The impacts of possible changes, including repealing and replacing the Affordable Care Act, to healthcare legislation and services in the U.S. remain uncertain; but consumers are consistent in their concern about the cost of care, according to results from Bankrate’s recent Money Pulse survey.  Thirty-one percent of Millennials said they avoid medical care because of the cost, according to the survey of 1,002 adults in the U.S. conducted in May.

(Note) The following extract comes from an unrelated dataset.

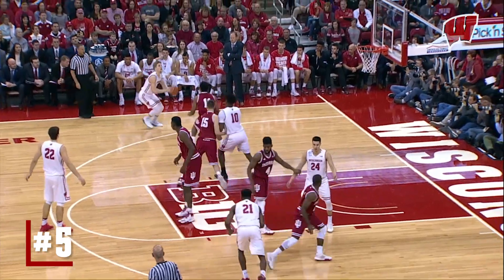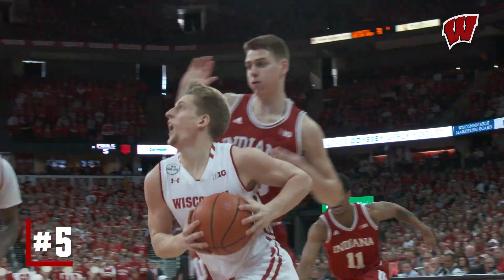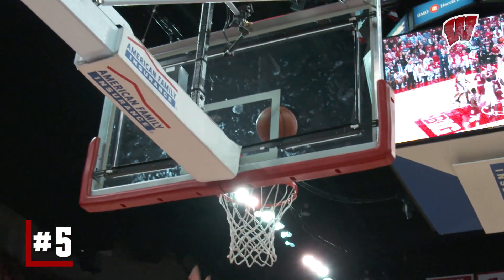This is the half, top of the circle, rotates left side for Pritzel, to the baseline, to the rim, layup good.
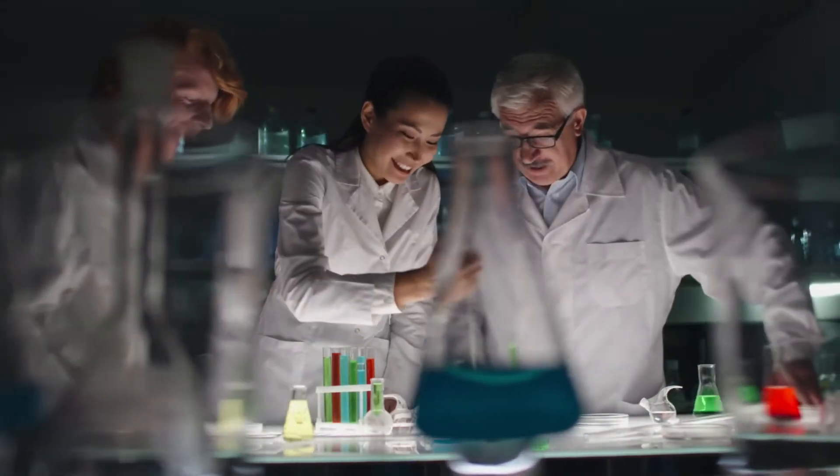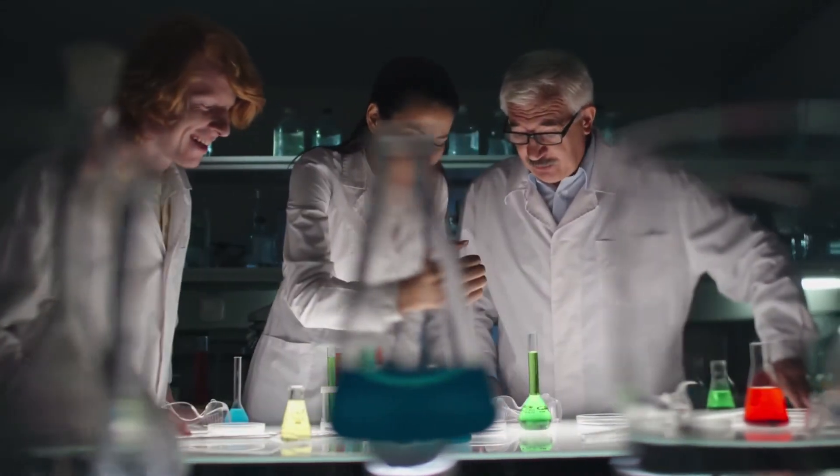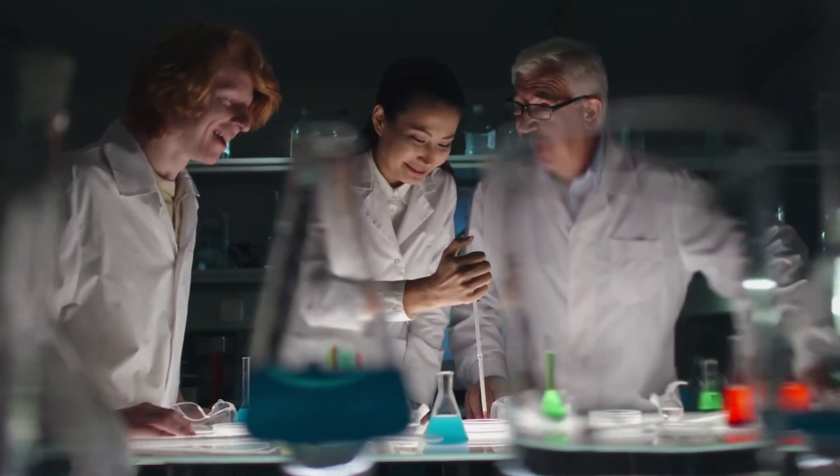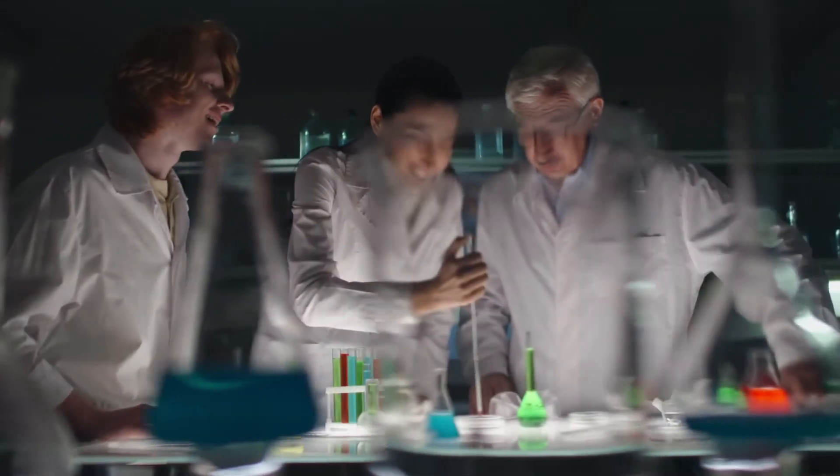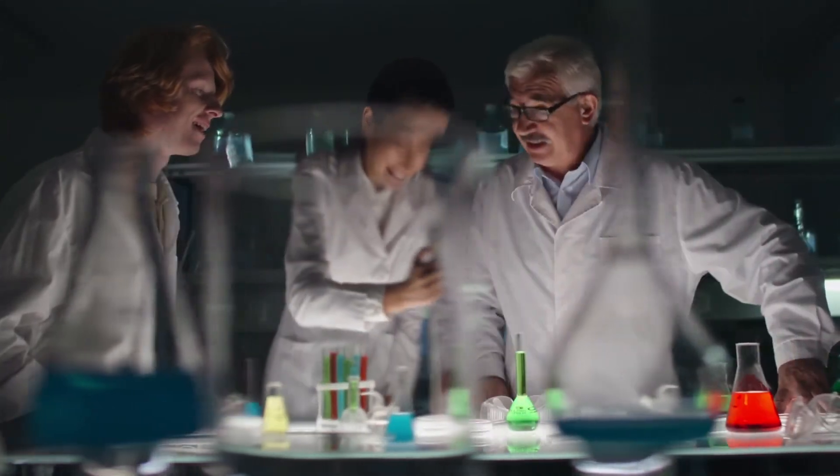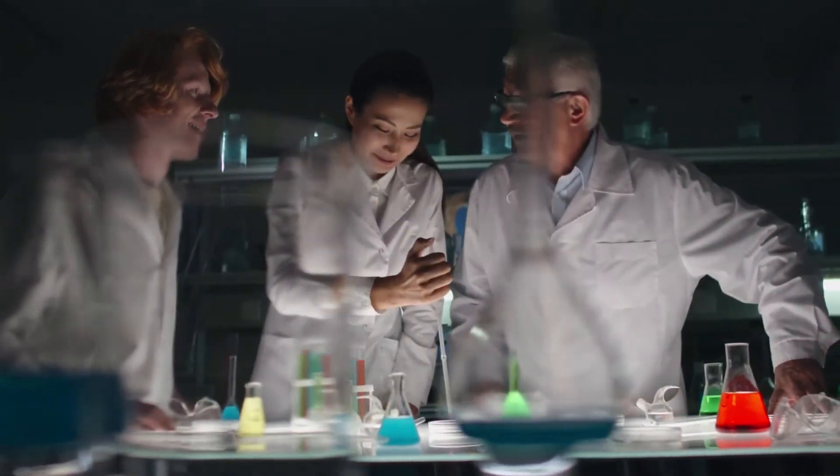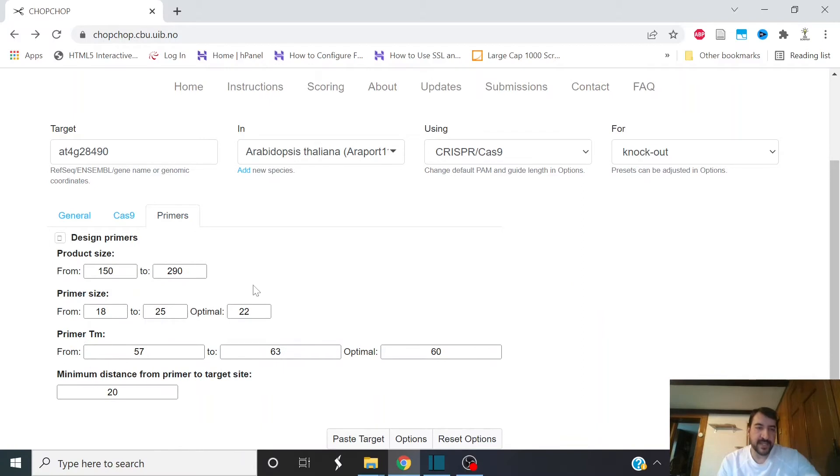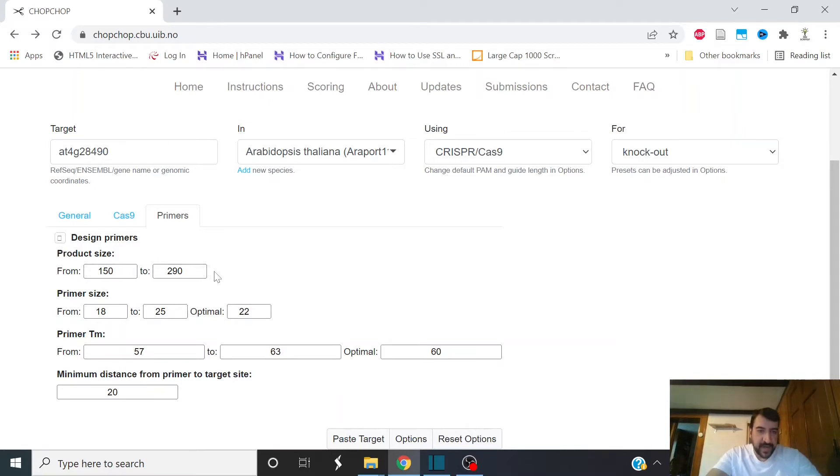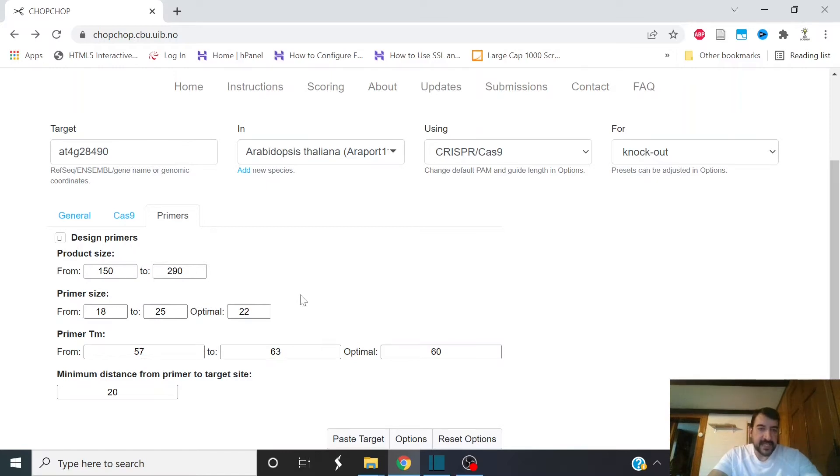Higher Cas9 cutting efficiency means more successful experiments and a happier time in the lab. There's also a primer tab under the options. ChopChop will automatically design primers for you to analyze your mutations from CRISPR. You can design the product size, the primer size, and the melting temperatures of the primers for analyzing your mutations.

Twenty-five percent of Generation X, 23 percent of Baby Boomers and 8 percent of the Silent Generation in the survey said cost caused them to avoid medical care, Bankrate.com reports.  “It’s very concerning that people are forgoing medical attention because of the expense,” said Robin Saks Frankel, credit card analyst at Bankrate.com, in a news release. “Thirteen percent of respondents don’t have any health insurance at all—a risk that could cost them. 

Unexpected medical bills can lead to a huge financial burden that could take years to pay off should something go wrong.”  “Older millennials (ages 27-36) are most likely to forgo care due to cost … [and] about one in three Americans in that age group say they’ve chosen not to seek needed medical attention because they couldn’t afford it,” according to Bankrate.com.  

When asked how worried they are about access to affordable health insurance in the future, 35 percent of respondents said they are very worried; 21 percent said they are somewhat worried; 17 percent said they are not too worried; and 24 percent said they are not at all worried.  “That’s about the same level of concern we found when we asked the same question in August 2014, nearly a year after the opening of the health insurance exchanges created under former President Barack Obama’s healthcare overhaul,” Bankrate.com reports.

The survey also shows more than half (56 percent) of all respondents are concerned about health insurance coverage. Sixty-four percent of Generation X respondents said they are concerned about coverage; followed by 58 percent of Baby Boomers; and 56 percent of Millennials, according to Bankrate.com.  “That fear of the unknown is understandable, Tevi Troy, CEO of the American Health Policy Institute, told Bankrate.com. 

“But, he says coverage isn’t likely to change much for the estimated 177 million Americans who get health insurance through work. Employers are likely to continue providing affordable healthcare because it helps with recruitment, retention and employee morale—factors unrelated to any changes in government policy.”